La casta dei militari

Ma quanto ci costano le nostre Forze Armate? In tempo di crisi anche questo settore è investito dai tagli che penalizzano, fino ad ammazzarlo, il nostro Stato sociale? Dopo le due leggi finanziarie firmate dal governo Prodi che hanno fatto lievitare le spese militari del 22% (oltre 23 miliardi l’anno) quanti soldi sono arrivati alla Difesa? Una risposta dettagliata e completa arriva nelle librerie con il libro di Massimo Paolicelli, leader storico dell’obiezione di coscienza e del movimento pacifista, e Francesco Vignarca coordinatore della Rete italiana per il Disarmo. Si chiama Caro Armato ed è stato pubblicato dalle Edizioni Altraeconomia, una garanzia assoluta di indipendenza.

La crisi economica non ha investito il settore della Difesa. E’ vero, spesso si sentono dichiarazioni vittimistiche del ministro La Russa che aveva esagerato le pretese: all’inizio del suo mandato aveva detto di voler portare il rapporto tra il Bilancio del suo dicastero ed il Pil a 1,25 contro l’attuale 0,9. Tuttavia, nel 2010 le spese militari peseranno sui nostri esangui portafogli con oltre 23 milioni di euro: il nostro (povero) paese resta saldamente all’8° posto nella lista mondiale per spese militari, mentre collassano la sanità e il sistema giudiziario, mentre la cultura viene esplicitamente e senza vergogna mandata a farsi friggere da esponenti del governo in carica, mentre le nostre città profondano nel degrado.

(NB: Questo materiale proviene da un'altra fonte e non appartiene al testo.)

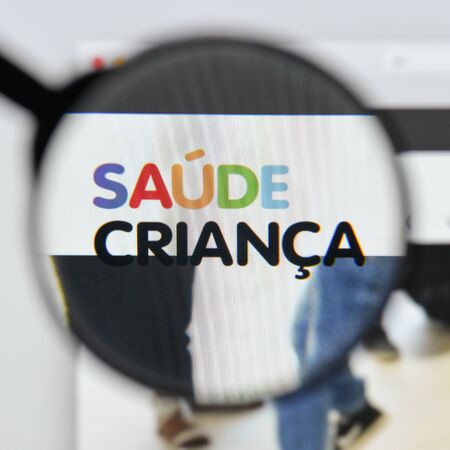 Milan, Italy - August 20, 2018: Saude Crianca (Brazil Child Health) website homepage. Saude Crianca (Brazil Child Health) logo visible.のeditorial素材
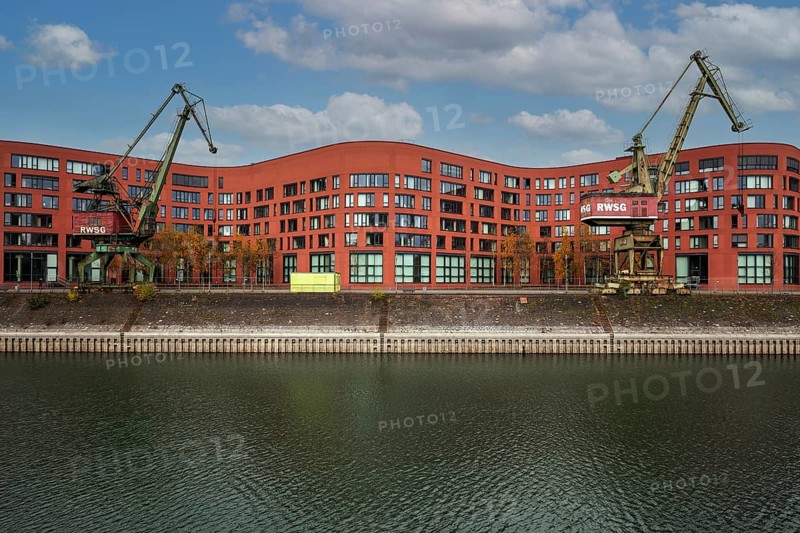 New building of the State Archive of North Rhine-Westphalia with old harbour cranes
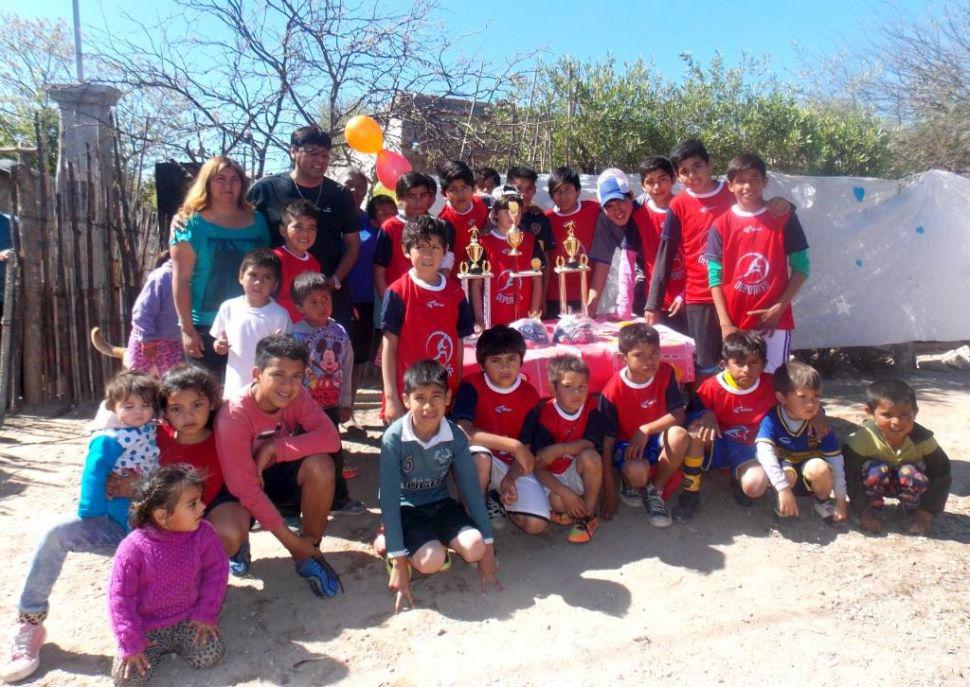 Entregan elementos deportivos a chicos de Villa Raquel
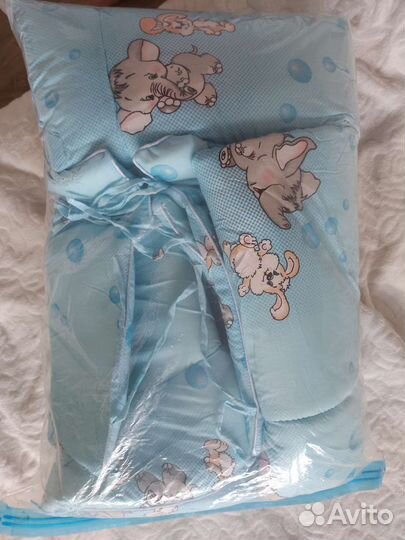 Бортики в кроватку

I meandri delle tabelle finanziarie, si sa, sono pieni di sorprese: Paolicelli e Vignarca ci scavano dentro con la consapevolezza che il diavolo sta nei particolari.

Lo stanziamento complessivo del Bilancio 2009 della Difesa ammonta ad oltre 20 milioni di euro: non c’è nessun crollo. Alla funzione Difesa, cioè alle componenti terrestri, aeree e marine delle Forze Armate, vanno oltre 14 milioni di euro (lo 0,91% del Pil, contro lo 0,93 dell’anno precedente). Il nodo centrale è qui: i tagli, benché minimi, incidano sui nuovi reclutamenti, sulle esercitazioni e sulla manutenzione dei mezzi: nessuna cura è prevista, dunque, per i vertici militari (una cifra per tutti, il nostro esercito professionale conta 190.ooo uomini tra i quali il numero dei comandanti – 600 generali e ammiragli, 2.660 colonnelli e decine di migliaia di altri ufficiali – supera di gran lunga quello dei comandanti). Anzi, il generale Roberto Speciale, ex comandante generale della Guardia di Finanza, quello assolto dai giudici per aver fatto condurre con un elicottero spigole fresche (la sua difesa ha avuto buon gioco nel dire che non era un pasto privato), oggi parlamentare del Pdl, ha presentato una proposta di legge per aumentare lo stipendio dei generali di corpo d’armata con cifre che vanno dal 50 al 75%.

A fronte di tutto questo, sui sistemi d’arma non sono previsti certo risparmi: anzi, vanno avanti a gonfie vele il progetto della portaerei Cavour e delle fregate FREMM (568 milioni di euro) o quello per la costruzione del faraonico cacciabombardiere Joint Strike Fighter (13 miliardi di euro). Questi progetti, badate bene, sono finanziati ‘ a debito’ e, cosa rilevantissima, rappresentano proprio ciò che è diventato il nostro sistema di difesa: un modello aggressivo, finalizzato ai conflitti ad alta intensità e con capacità di proiezione in profondità, nulla che sia mai stato discusso, inutile ricordarlo, il parlamento. Un modello che non c’entra un bel niente con il peace keeping, parola usata ed abusata. Infine, esiste un’invisibile ma importantissima questione che non è mai stata affrontata: il ministero dello Sviluppo Economico prevede stanziamenti per la Difesa al di fuori della legge 436 (è del 1988 e ne regola l’approvvigionamento). Si tratta di soldi utilizzati in base a normative di settore e non sottoposte dunque all’esame preventivo delle Commissione Difesa di Camera e Senato. L’utilizzo di questi fondi è deciso solo dai vertici militari e da quelli dell’industria: due zone contigue i cui rapporti sono sempre più stretti tanto che molti alti ufficiali, alla fine della loro carriera, prestano la loro opera all’industria. Un altro evidente, insopportabile, conflitto d’interesse di cui sarebbe bene che il nostro paese si liberasse al più presto.